跳舞猫日録

Life goes on brah!

2023/04/09 English

BGM: Tokyo No.1 Soul Set - ヤード

I am really a simple person. In this morning, I felt anxiety as usual. "Can I spend today as a great day?". "Today would be a miserable day"... But anyway, I went to my workplace. At the locker room, I try to listen Battles's "Atlas" to make my mood. I am basically just a coward. So, I decide to go to work as "I just have to do what I do to build an usual result". And I try to let everything go... and I notice the fact I am having a lunchbox at lunchtime with Denki Groove's music. I always wonder why I can work as usual every day. But there is a clear fact that "I can't predict today without trying to do my work". And if I try, then I can "make a miracle" of "I could have done!". The experiences I have build for over 20 years are alive and supporting me.


www.youtube.com

At the lunchtime, I watch the timeline on Twitter. I can still read the tweets about Kenzaburo Oe and Ryuichi Sakamoto. They are exactly the artists who work globally, and also hated by some Japanese in this country. I guess that is the reason why they are a kind of intellectuals who speak English. This might be too "simple" idea, but our society often hates "outsiders". The heresies who distort the harmony of this society must be treated as those outsiders. So they, certain geniuses, should be hated naturally. There must be a emotion of jealousy or envy... I think that they must be "crap". We can judge the person's value unless his/her skill of English. Or, I would start learning English if I envied their skill of English. Sakamoto and Oe must be the pioneers who started from nothing basically.

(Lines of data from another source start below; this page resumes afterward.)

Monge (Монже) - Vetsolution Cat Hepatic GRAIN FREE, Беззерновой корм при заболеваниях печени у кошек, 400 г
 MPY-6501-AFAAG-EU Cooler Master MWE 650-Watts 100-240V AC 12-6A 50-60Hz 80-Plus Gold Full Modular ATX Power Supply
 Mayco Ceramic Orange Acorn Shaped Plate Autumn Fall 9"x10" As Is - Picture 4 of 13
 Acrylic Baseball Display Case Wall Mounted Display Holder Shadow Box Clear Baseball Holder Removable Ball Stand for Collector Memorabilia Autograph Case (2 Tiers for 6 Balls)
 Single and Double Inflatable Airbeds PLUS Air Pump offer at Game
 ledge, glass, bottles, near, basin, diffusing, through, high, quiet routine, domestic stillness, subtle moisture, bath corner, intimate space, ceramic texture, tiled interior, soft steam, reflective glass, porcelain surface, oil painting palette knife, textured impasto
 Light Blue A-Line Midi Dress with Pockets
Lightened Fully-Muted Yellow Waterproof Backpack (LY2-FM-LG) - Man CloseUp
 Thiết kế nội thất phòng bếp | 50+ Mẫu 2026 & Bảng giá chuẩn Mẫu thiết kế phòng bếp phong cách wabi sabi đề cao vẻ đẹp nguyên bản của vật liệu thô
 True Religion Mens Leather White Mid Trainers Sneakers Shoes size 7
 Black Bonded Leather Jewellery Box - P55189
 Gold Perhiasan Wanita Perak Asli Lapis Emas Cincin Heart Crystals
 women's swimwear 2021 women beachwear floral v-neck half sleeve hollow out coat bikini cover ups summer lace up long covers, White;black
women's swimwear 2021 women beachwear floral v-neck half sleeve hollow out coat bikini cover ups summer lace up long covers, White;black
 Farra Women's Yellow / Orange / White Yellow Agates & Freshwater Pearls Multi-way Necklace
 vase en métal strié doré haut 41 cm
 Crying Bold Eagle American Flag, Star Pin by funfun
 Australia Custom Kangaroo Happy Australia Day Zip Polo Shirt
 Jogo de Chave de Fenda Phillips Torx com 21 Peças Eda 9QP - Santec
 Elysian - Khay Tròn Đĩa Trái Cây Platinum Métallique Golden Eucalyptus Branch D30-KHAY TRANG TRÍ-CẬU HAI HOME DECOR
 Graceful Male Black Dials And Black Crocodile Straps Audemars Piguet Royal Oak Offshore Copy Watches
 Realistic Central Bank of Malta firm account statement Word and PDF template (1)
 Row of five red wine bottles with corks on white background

But, indeed I am now just saying as a bigmouth, but once I certainly lived with full of jealousy and envy in my past days. Yes, I am still having various inferiority complex. I can't speak French even if I try to do so. And I have short legs and not good at doing sports. A friend of mine has a smartness and therefore she is a member of Mensa. Once, I certainly had jealousy for that smartness. It was foolish... I shouldn't adore to be a different person, but just try to live with the attitude of "Be Thankful for What You Got". I had to live a long time to understand that... and now I think. If the past myself looked at the current myself, the person who speak "you should start learning if you have jealousy to the fluent speaker", then the myself would diss myself as "it's just the strong people's logic"? It sounds weird. I could be born again?

If that is true, then why I could be born again? It might be because (probably I am remembering only the "sweet" memories for me, not all of the memories honestly) I started attending the "danshu" meeting or the meeting about autsim, and trained myself with a lot of friends. I have shown this miserable myself, weak and shameful myself... but it worked as a good lesson for me, who was just a coward on Twitter who just showed myself as a perfect critic. Now, I accept this person as a "true" myself. Yes, I often hate myself, or irritate with this autism. But now I can feel the "self-esteem" from myself like a spring. I just have to stay myself. Now, with a certain warmness of a spring day, I can feel "everyone is precious" as a primal truth. That's OK. Thinking that, I enjoy Tokyo No.1 Soul Set's music.